● TASK PROMPT: Set down exactly the lines below, starting at the one that contains "Camera d'albergo con" and ending at the one that contains "भूतपूर्व सैनिकों ने", with both of those lines included and nothing else.

:: INFORMATION SHOWN

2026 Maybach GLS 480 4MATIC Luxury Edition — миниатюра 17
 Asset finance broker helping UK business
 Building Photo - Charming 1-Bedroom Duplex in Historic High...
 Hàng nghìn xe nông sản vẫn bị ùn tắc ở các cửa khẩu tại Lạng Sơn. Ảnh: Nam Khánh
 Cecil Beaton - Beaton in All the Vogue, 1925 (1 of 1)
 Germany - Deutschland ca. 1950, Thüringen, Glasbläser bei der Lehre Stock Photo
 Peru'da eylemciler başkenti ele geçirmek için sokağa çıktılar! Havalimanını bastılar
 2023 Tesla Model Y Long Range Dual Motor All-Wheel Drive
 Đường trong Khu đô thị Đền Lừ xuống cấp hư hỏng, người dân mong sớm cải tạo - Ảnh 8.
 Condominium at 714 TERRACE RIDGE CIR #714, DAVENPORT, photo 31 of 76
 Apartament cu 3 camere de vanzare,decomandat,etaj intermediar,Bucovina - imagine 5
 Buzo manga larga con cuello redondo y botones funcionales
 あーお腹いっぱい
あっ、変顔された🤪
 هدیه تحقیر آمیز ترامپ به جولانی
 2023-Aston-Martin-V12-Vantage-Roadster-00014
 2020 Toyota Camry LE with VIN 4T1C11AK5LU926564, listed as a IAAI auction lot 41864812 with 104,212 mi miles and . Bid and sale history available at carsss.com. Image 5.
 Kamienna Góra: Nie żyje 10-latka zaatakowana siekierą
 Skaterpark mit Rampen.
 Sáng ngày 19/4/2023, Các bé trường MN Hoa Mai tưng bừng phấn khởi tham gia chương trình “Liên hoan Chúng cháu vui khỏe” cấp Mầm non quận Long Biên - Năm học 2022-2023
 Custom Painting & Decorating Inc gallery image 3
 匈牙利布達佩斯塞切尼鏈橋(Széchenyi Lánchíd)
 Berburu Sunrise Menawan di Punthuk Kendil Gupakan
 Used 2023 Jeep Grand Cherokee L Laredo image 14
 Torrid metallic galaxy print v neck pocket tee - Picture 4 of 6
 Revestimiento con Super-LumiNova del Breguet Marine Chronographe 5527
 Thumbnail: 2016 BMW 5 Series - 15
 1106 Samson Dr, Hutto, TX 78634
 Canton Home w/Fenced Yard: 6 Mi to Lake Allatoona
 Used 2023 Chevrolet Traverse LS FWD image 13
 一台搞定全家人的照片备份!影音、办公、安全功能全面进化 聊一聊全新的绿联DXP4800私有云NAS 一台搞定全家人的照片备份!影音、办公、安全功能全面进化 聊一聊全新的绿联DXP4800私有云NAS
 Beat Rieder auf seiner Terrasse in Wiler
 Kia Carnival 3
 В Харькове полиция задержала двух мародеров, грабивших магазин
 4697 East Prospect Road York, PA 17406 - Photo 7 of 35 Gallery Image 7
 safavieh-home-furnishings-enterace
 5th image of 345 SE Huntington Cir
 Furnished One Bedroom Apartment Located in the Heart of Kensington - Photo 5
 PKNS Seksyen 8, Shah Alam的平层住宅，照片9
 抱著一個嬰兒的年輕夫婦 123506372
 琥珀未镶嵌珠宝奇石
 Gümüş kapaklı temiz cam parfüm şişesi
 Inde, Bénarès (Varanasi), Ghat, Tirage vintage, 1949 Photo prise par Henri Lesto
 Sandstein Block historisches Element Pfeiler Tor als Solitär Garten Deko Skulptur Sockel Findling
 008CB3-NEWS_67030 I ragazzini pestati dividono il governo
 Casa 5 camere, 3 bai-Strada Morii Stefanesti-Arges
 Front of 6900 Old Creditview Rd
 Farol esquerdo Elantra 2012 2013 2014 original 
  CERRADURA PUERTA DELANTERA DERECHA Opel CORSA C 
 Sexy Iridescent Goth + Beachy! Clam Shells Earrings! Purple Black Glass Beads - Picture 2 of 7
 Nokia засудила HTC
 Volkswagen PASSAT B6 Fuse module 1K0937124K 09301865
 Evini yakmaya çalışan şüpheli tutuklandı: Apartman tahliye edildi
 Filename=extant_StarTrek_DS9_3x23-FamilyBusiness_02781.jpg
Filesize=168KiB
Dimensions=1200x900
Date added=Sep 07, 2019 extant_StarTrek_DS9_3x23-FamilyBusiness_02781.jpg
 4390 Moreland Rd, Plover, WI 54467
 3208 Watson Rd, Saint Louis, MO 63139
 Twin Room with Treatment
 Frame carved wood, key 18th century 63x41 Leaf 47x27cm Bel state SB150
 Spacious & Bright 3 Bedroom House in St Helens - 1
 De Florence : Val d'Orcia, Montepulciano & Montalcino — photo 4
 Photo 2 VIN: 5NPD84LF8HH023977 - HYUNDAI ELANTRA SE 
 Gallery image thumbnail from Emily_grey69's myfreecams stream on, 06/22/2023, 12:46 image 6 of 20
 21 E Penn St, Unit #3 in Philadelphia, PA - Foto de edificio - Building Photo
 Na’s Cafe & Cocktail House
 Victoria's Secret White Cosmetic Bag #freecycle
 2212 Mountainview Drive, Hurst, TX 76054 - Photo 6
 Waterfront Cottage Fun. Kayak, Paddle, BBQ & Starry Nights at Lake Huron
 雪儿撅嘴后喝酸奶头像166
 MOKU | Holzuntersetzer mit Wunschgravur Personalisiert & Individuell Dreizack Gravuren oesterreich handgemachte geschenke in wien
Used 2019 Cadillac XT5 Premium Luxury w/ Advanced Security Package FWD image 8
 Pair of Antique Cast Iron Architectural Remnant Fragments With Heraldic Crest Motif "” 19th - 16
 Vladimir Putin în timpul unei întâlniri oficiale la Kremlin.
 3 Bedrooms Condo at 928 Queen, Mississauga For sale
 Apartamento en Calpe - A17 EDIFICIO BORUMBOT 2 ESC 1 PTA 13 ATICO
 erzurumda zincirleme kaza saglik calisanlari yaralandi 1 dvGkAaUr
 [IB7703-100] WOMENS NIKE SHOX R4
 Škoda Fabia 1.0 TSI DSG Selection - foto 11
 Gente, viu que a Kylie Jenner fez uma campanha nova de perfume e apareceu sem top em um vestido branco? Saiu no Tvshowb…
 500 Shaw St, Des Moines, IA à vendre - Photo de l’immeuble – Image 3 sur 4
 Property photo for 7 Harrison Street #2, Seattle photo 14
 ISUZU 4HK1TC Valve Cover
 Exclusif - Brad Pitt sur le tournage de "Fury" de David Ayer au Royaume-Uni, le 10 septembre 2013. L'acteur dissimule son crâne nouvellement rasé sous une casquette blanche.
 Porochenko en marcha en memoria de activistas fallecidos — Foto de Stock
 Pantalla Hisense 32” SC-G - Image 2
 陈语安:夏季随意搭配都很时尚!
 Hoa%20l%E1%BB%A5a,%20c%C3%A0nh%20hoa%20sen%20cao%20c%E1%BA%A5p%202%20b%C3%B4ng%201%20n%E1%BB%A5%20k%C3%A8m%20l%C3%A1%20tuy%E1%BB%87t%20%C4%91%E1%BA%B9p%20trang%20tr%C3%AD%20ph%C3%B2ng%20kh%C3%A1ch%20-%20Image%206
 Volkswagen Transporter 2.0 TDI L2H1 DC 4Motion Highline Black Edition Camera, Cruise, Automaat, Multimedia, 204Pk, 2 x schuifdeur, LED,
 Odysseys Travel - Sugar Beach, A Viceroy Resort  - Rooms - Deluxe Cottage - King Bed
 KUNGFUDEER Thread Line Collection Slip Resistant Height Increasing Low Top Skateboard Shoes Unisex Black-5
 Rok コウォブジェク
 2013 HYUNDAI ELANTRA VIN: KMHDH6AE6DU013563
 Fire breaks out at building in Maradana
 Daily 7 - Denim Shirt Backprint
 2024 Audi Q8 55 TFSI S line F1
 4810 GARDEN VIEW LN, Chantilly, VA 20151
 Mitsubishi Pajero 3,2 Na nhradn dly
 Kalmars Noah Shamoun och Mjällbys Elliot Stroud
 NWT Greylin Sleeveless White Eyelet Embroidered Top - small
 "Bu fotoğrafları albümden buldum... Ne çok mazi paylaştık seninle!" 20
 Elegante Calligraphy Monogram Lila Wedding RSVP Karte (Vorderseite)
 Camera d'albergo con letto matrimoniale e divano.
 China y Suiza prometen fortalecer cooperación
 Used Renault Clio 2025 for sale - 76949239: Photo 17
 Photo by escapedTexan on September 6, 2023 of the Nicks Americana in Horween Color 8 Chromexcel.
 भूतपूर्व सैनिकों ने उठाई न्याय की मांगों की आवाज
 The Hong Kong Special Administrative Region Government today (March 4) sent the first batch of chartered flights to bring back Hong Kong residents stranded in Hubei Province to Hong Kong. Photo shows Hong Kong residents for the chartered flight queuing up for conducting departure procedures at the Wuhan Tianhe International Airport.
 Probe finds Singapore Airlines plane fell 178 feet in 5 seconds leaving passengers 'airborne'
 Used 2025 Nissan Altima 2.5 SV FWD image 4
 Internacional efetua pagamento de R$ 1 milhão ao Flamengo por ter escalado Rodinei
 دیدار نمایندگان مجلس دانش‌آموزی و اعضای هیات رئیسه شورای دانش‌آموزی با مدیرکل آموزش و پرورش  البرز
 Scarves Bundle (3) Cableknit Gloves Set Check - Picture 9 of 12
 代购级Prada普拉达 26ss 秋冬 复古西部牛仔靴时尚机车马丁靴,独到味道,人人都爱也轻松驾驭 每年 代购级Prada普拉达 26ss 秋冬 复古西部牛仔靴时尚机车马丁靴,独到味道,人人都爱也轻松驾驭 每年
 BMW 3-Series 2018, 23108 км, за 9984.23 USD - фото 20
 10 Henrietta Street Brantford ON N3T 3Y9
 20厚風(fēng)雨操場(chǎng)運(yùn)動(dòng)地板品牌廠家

::::

● ANSWER FOR THE TASK:
 Camera d'albergo con letto matrimoniale e divano.
 China y Suiza prometen fortalecer cooperación
 Used Renault Clio 2025 for sale - 76949239: Photo 17
 Photo by escapedTexan on September 6, 2023 of the Nicks Americana in Horween Color 8 Chromexcel.
 भूतपूर्व सैनिकों ने उठाई न्याय की मांगों की आवाज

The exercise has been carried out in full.